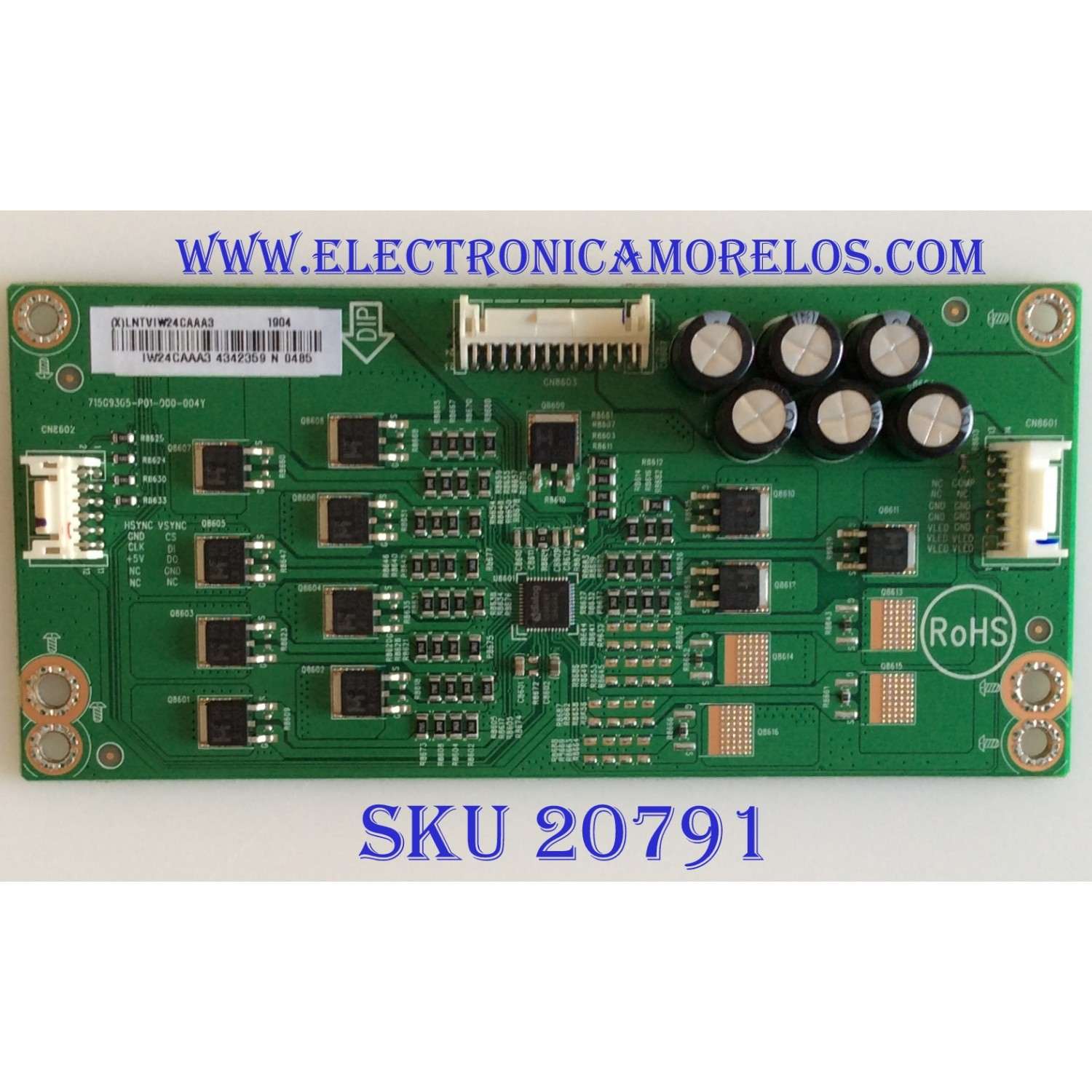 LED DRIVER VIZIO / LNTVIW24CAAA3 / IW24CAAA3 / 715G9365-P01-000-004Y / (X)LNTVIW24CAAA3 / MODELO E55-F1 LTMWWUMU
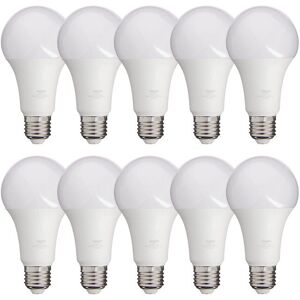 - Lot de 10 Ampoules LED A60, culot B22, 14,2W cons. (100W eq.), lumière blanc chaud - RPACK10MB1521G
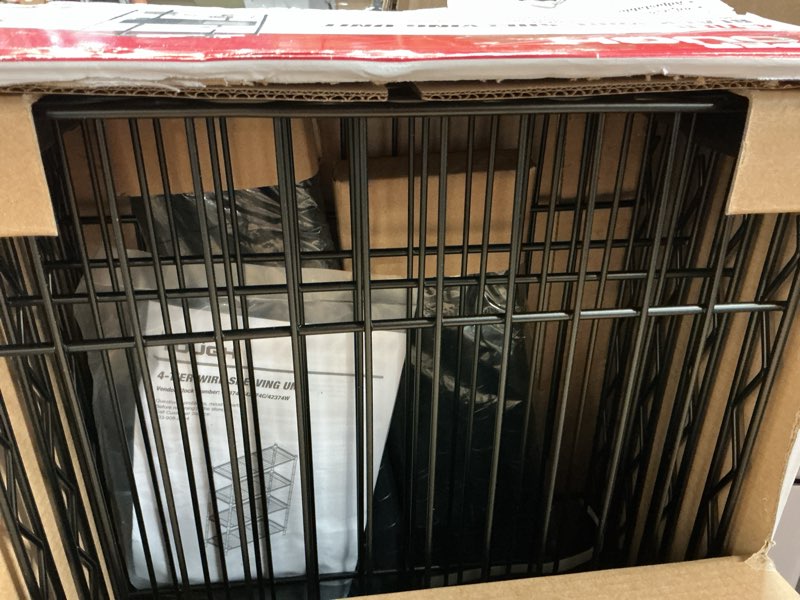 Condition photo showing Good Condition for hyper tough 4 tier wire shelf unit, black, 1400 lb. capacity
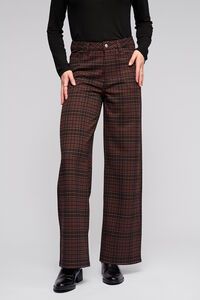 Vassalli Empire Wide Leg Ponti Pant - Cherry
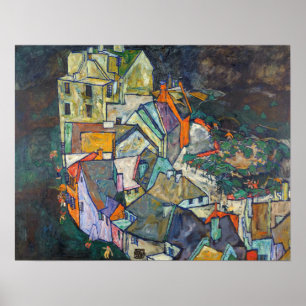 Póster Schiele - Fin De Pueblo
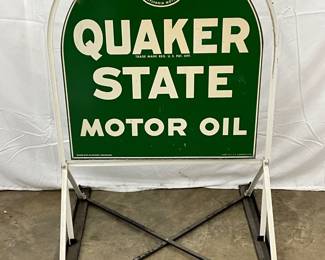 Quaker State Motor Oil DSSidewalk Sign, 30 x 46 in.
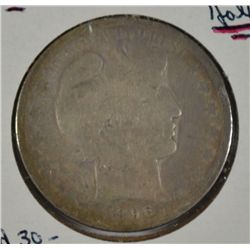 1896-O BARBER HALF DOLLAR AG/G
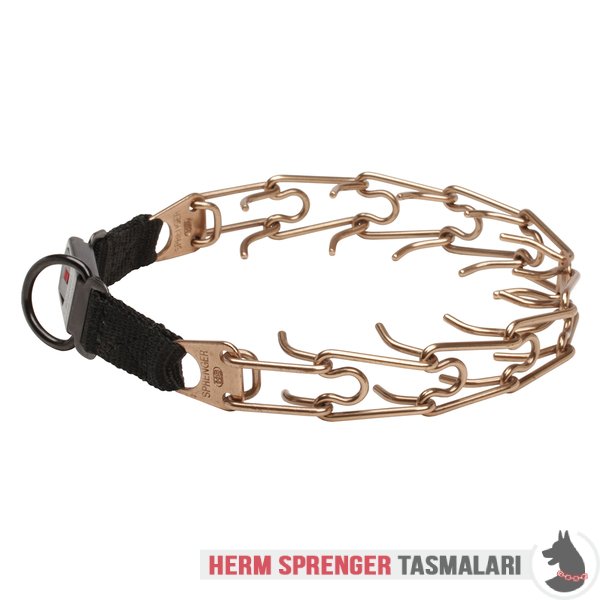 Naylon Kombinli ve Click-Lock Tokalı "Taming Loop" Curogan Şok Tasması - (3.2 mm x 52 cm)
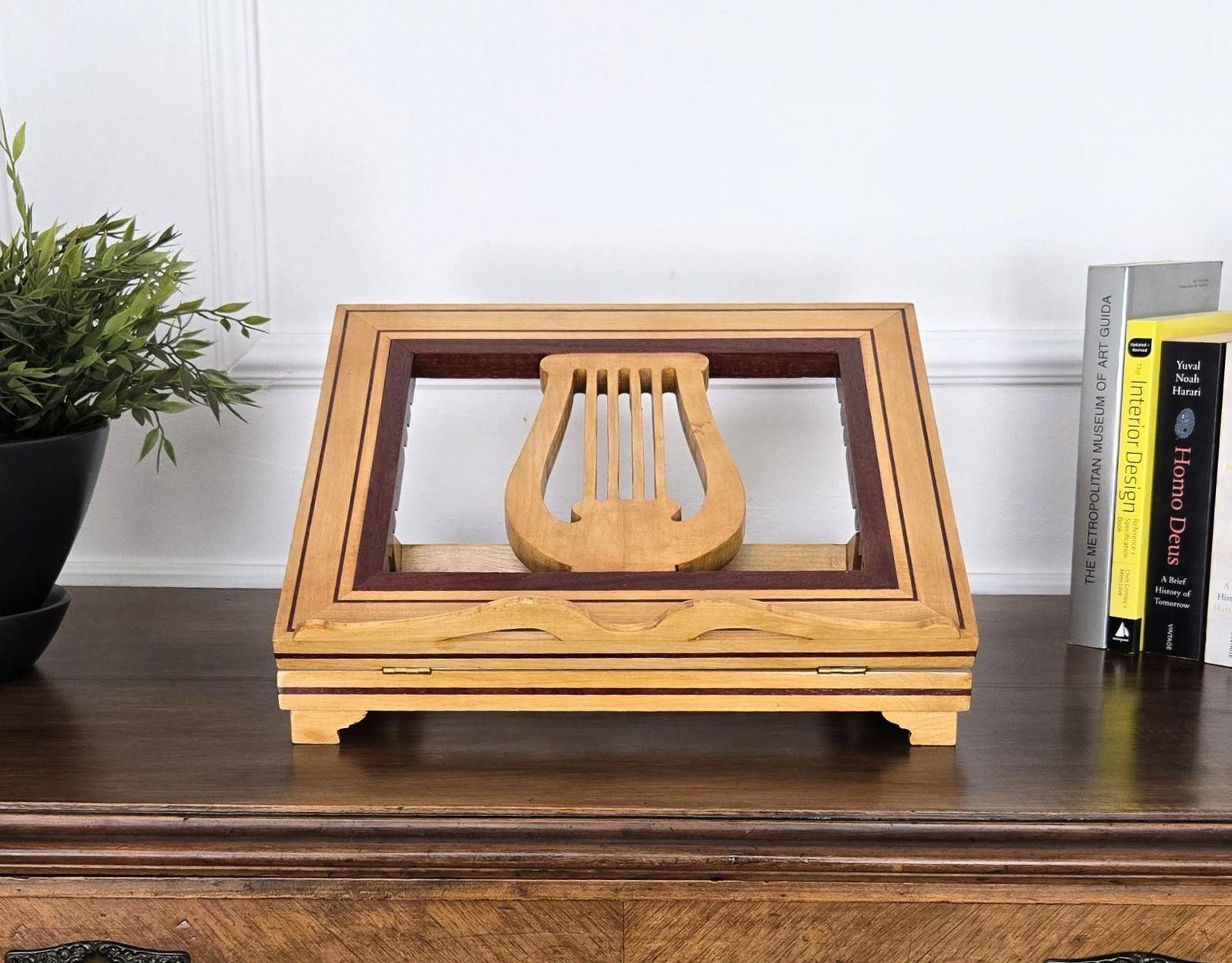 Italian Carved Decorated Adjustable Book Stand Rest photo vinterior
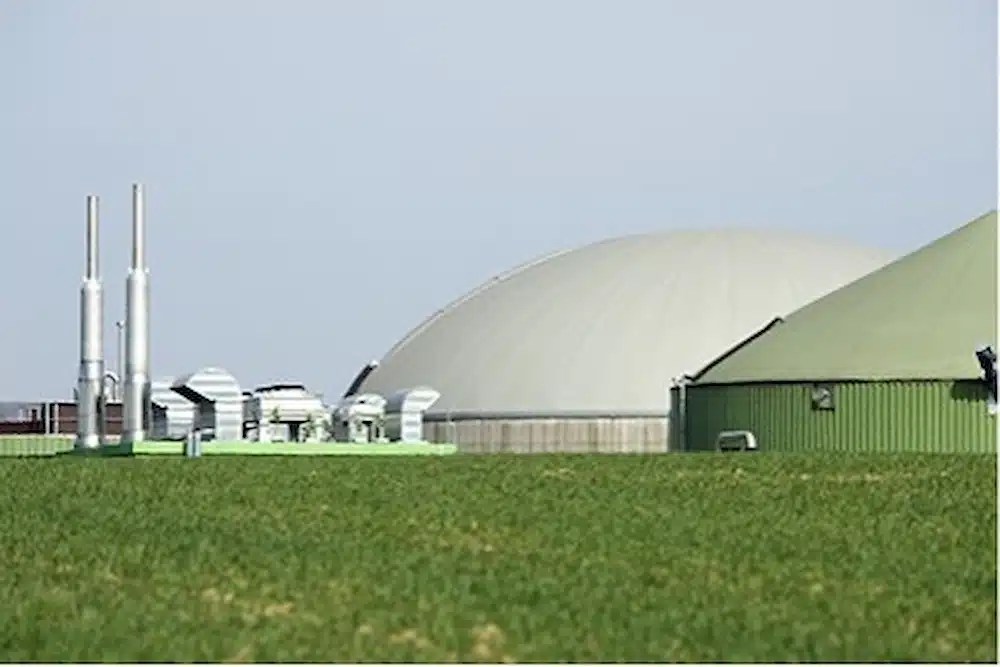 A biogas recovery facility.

...

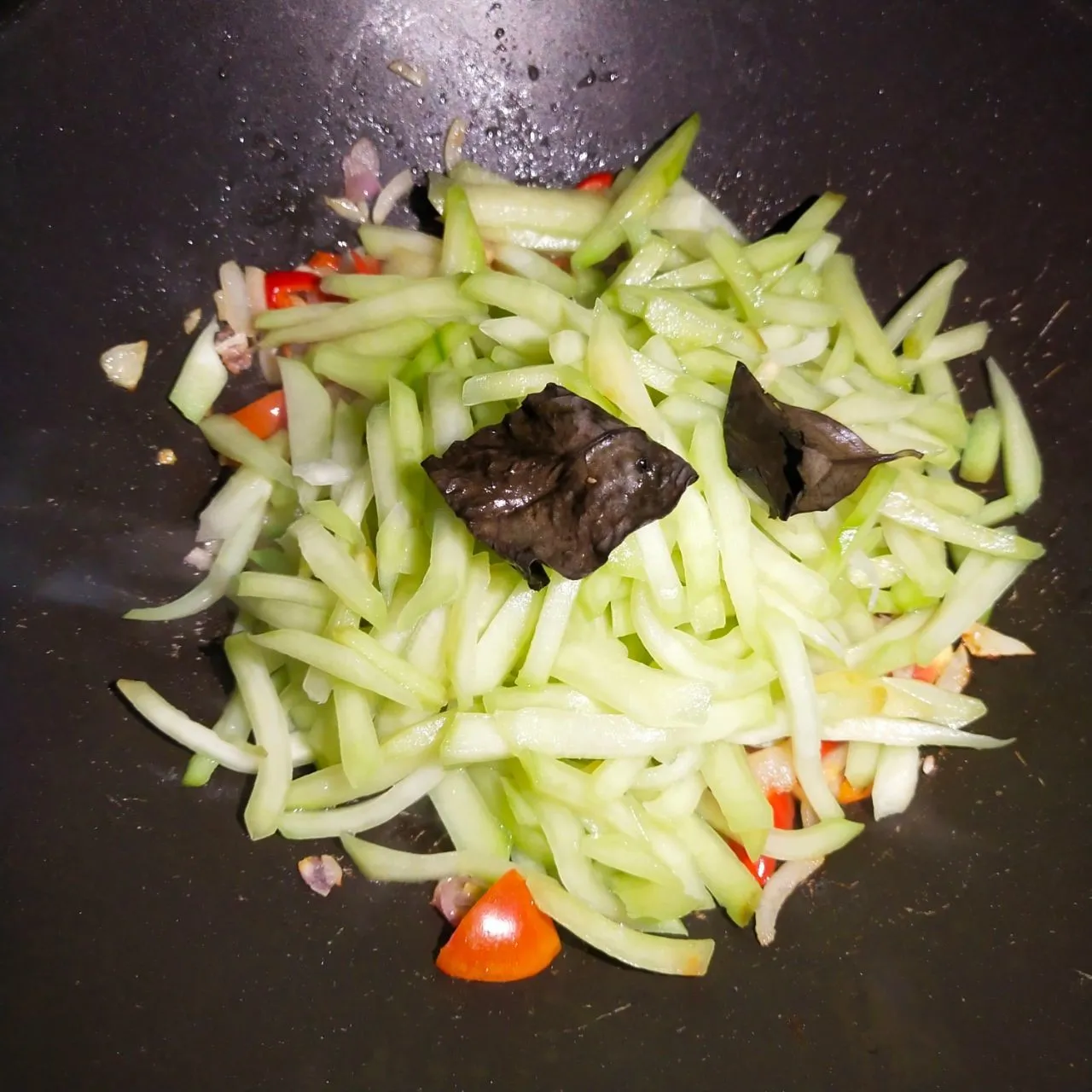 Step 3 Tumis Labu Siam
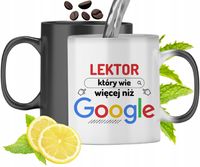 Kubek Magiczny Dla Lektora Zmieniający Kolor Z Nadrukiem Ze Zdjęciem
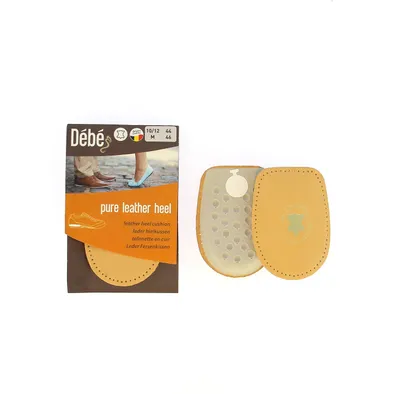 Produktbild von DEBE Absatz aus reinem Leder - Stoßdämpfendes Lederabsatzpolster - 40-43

_Task item_: Give back the exact lines above, running from the one that has "Condition photo showing" through the one that has "A biogas recovery facility.", with nothing added and no pictures.

_Written solution_:
 Condition photo showing Good Condition for hyper tough 4 tier wire shelf unit, black, 1400 lb. capacity
 Vassalli Empire Wide Leg Ponti Pant - Cherry
 Póster Schiele - Fin De Pueblo
 Quaker State Motor Oil DSSidewalk Sign, 30 x 46 in.
 1896-O BARBER HALF DOLLAR AG/G
 Naylon Kombinli ve Click-Lock Tokalı "Taming Loop" Curogan Şok Tasması - (3.2 mm x 52 cm)
 Italian Carved Decorated Adjustable Book Stand Rest photo vinterior
 A biogas recovery facility.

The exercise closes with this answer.